April 16, 2003

Using HTML tags properly to help external search results

There are some essentials to building Web pages that get found with external search engines. Understanding the tags in HTML and how they are (rather should be) used is important. The main tags for most popular search engines are the title, heading (h1, h2, etc), paragraph (p), and anchor (a). Different search engines have given some weight in their ranking to metatags, but most do not use them or have decreased their value.

Google gives a lot of weight to the title tag, which is often what shows in the link Google gives its user to click for the entry. In the title tag the wording is important too, as the most specific information should be toward the front. A user searching for news may find a weblog toward the top of the search ahead of CNN, as CNN puts its name ahead of the title of the article. A title should echo the contents of the page as that will help the ranking of the pages, titles that are not repeated can get flagged for removal from search engines.

The headings help echo what is in the title and provide breaking points in the document. Headings not only help the user scan the page easily, but also are used by search engines to ensure the page is what it states it is. The echoing of terms are used to move an entry to the top of the rankings as the mechanical search engines get reinforcement that the information is on target for what its users may be seeking.

The paragraph tags also are used to help reinforce the text within them.

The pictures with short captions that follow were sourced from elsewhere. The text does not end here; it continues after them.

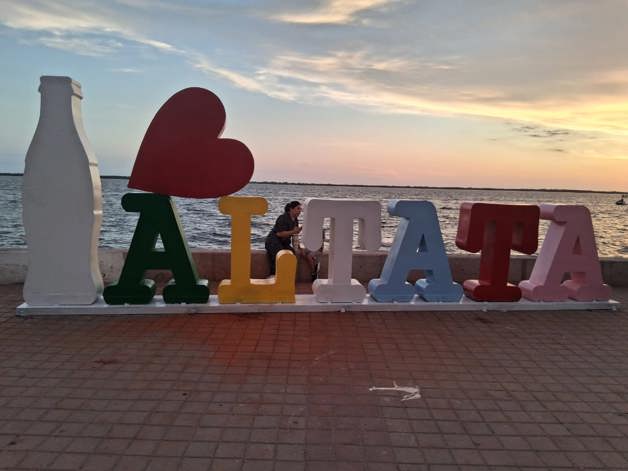 Imagen Placeholder Imagen Placeholder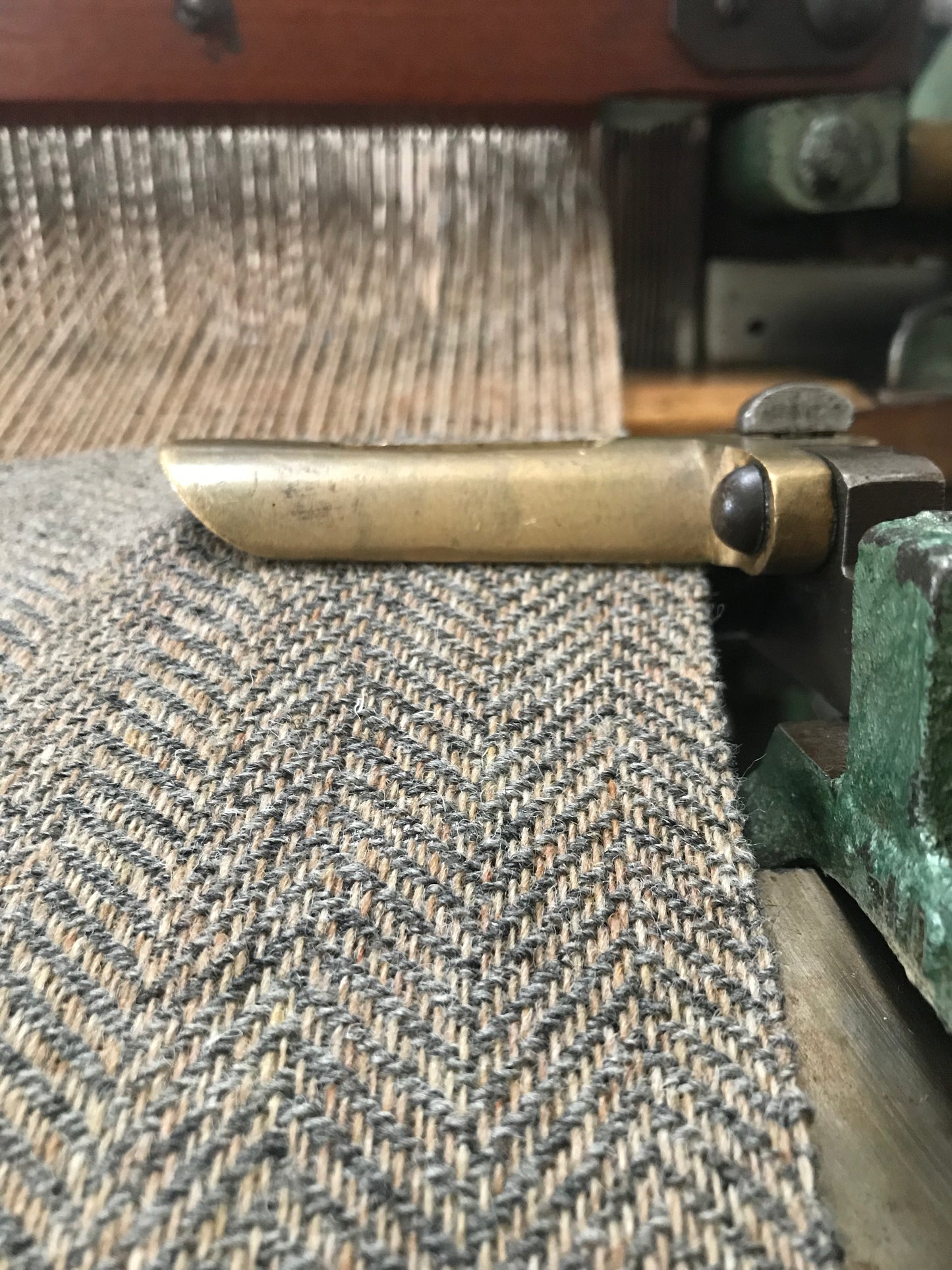 British Breed Tweed - 12:12 Herringbone - Light Brownish Grey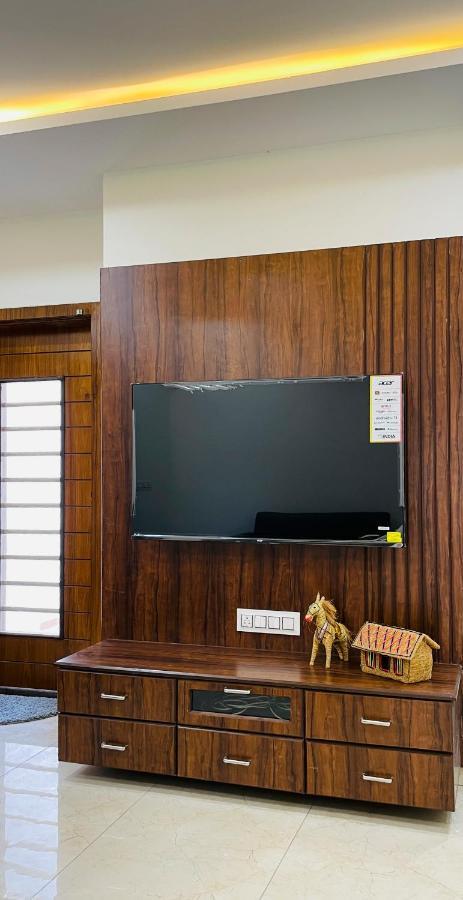 Luxurious 3 Bhk Villa In Bhuj - Shivani Homestay Luaran gambar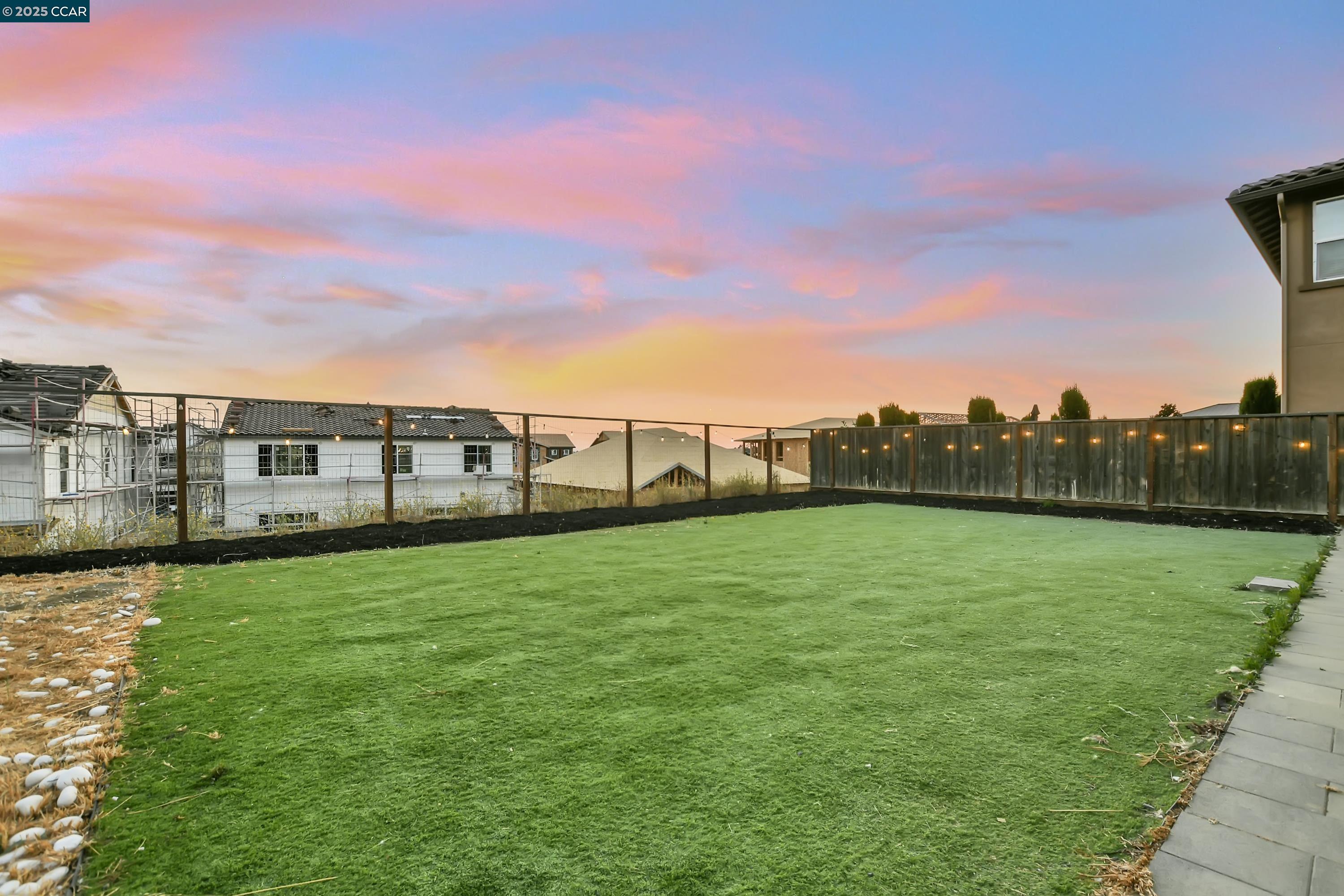 Detail Gallery Image 32 of 38 For 8723 Aquamarine Dr., Vallejo,  CA 94591 - 4 Beds | 3 Baths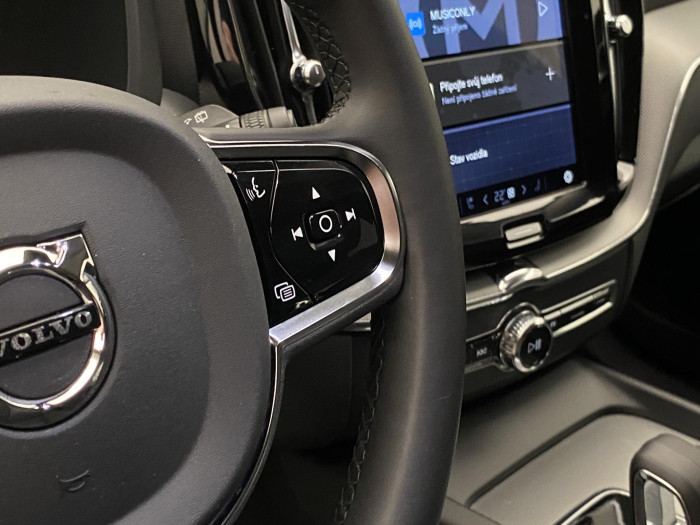 Volvo XC60 B4 AWD PLUS DARK AUT 1.maj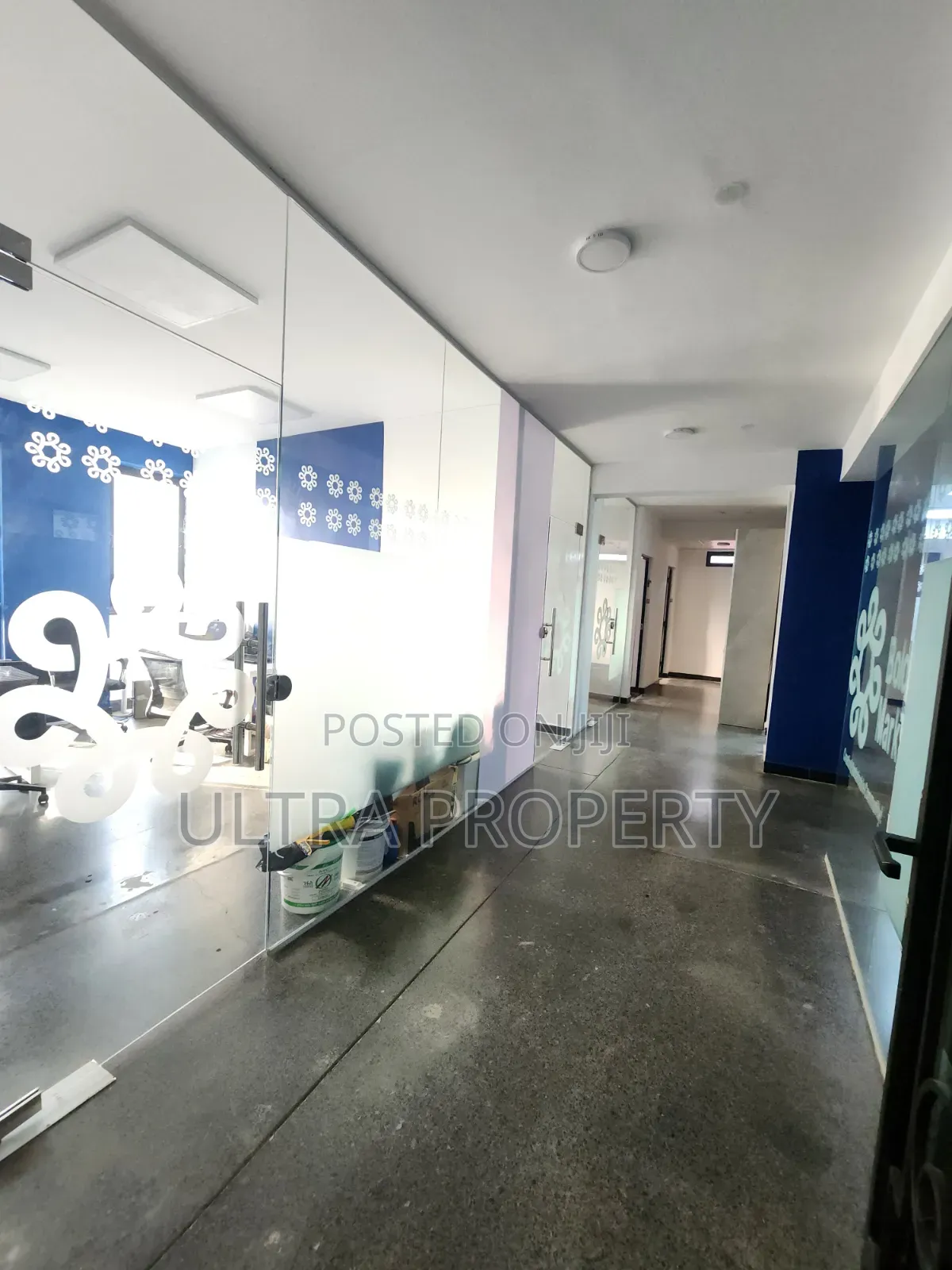 6bdrm Apartment in Bole for sale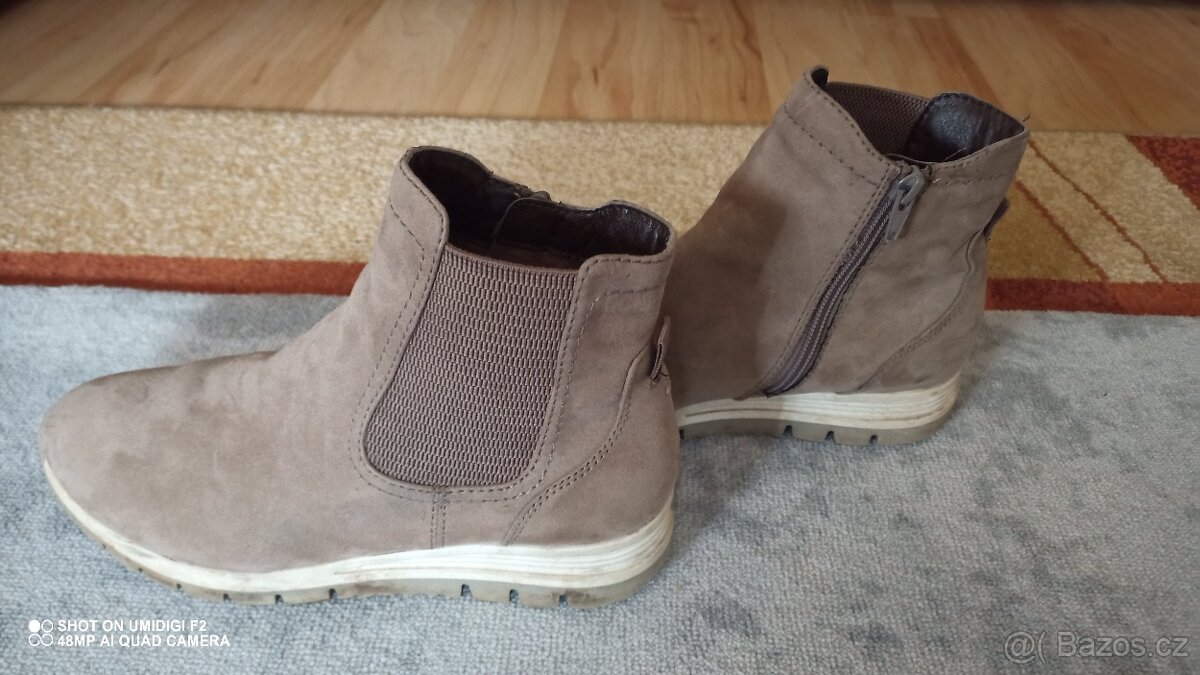 obleceni a boty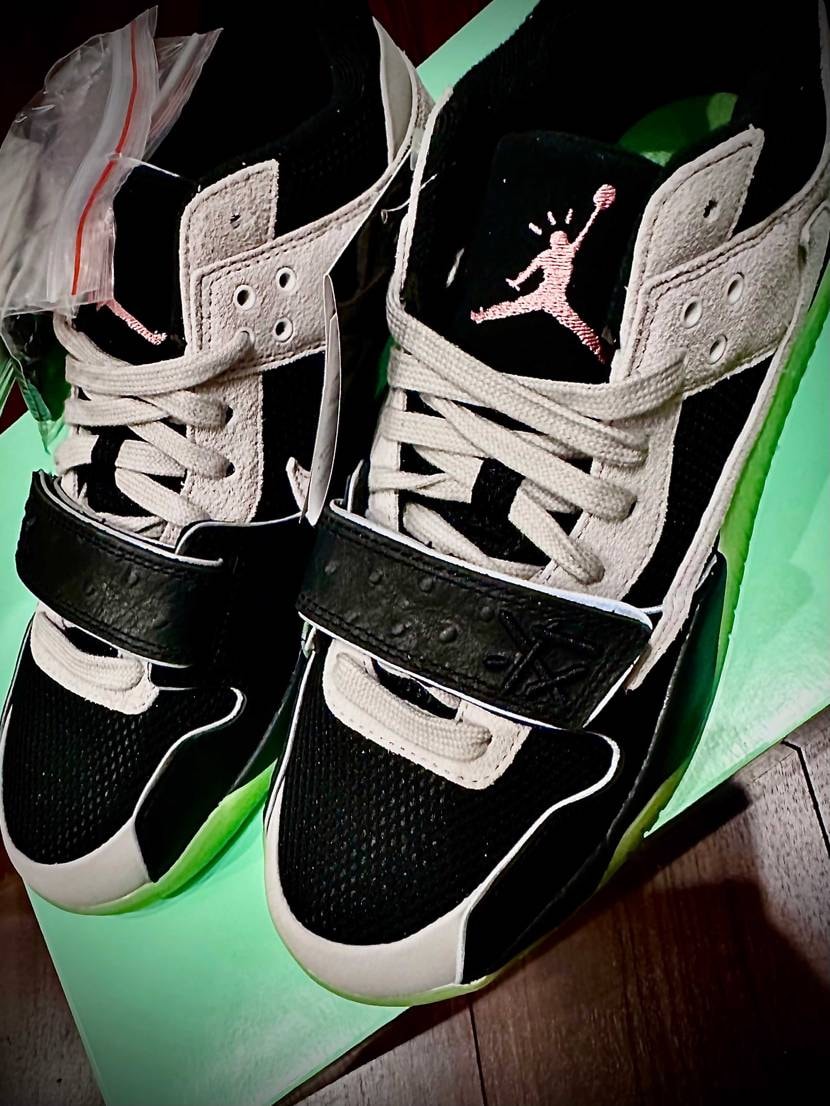 ヌバック、シボ革(オーストリッチ？型押しっぽい)、キャンバスメッシュで構築された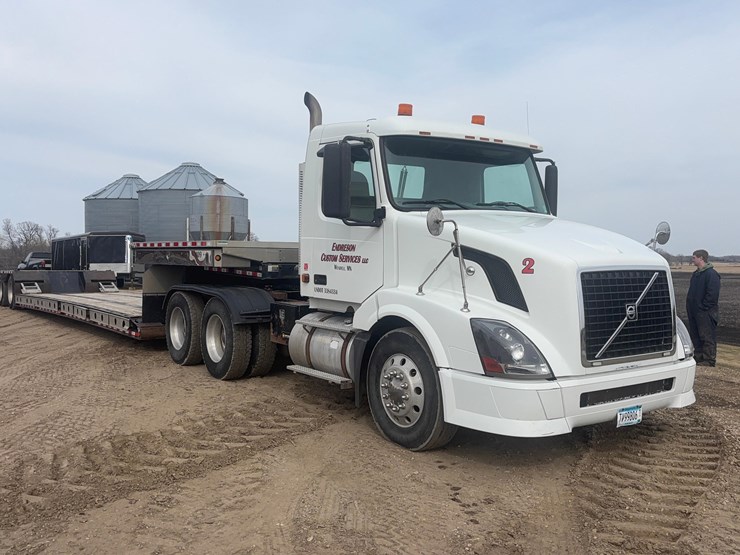 2006-volvo-vnlsemi-image-3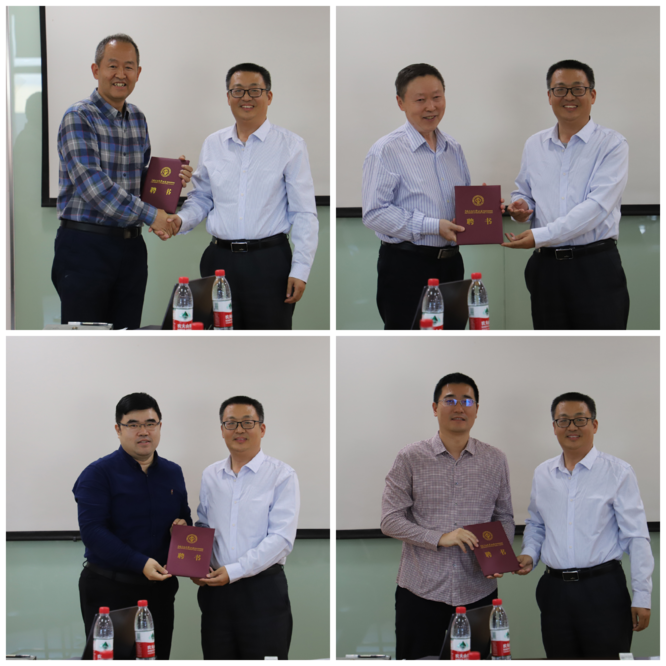 李校長給專家組組長頒發(fā)聘書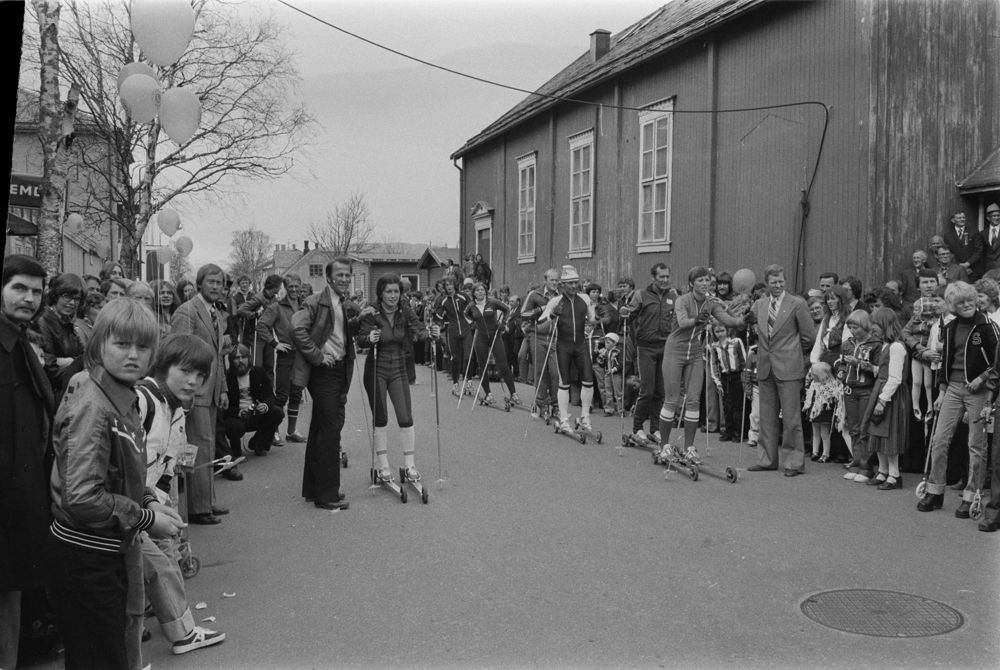 Rulleskirenn på 17.Mai. i Chr.Qualesgt ved Gammelgymmen.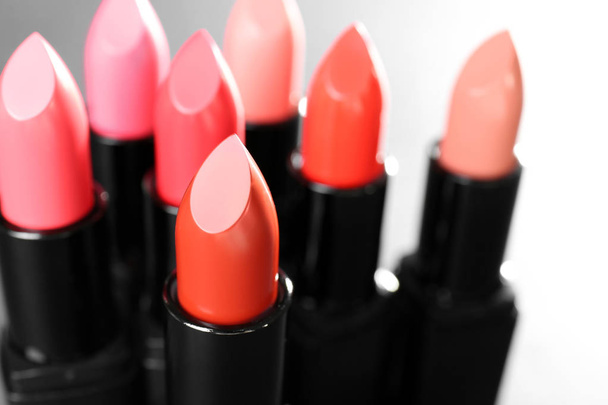 Lipsticks in different shades - Zdjęcie, obraz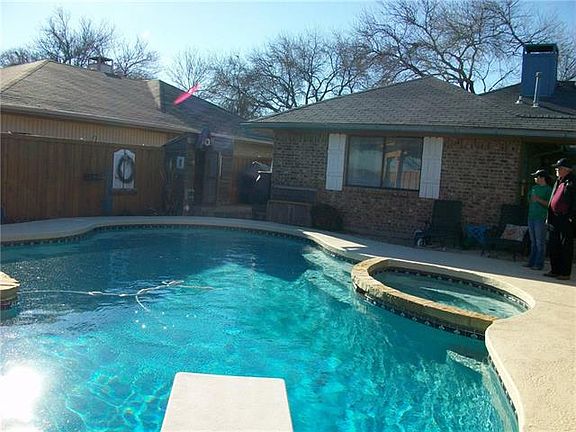 3rd image of 1849 Tucson Dr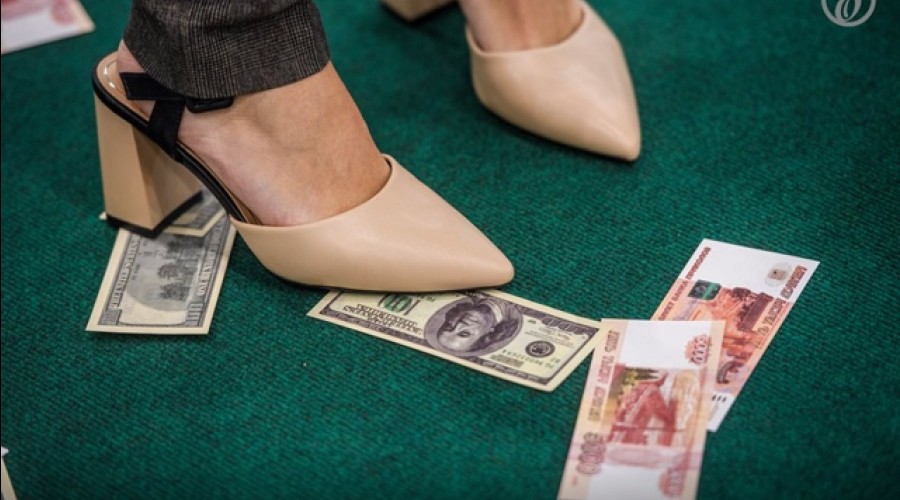 Доллар опустился ниже 83 руб. на фоне высокого предложения валюты экспортерами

The anchor tags are used for links and this is what the search engines use to scrape and find other Web pages. The text used for the links is used by the search engines to weight their rankings also. If you want users to find information deep in your site put a short clear description between the anchor tags. The W3C standards include the ability to use a title attribute which some search tools also use. The title attribute is also used by some site readers (used by those with visual difficulties and those who want their information read aloud to them, because they may be driving or have their hands otherwise occupied) to replace the information between the anchor tags or to augment that information.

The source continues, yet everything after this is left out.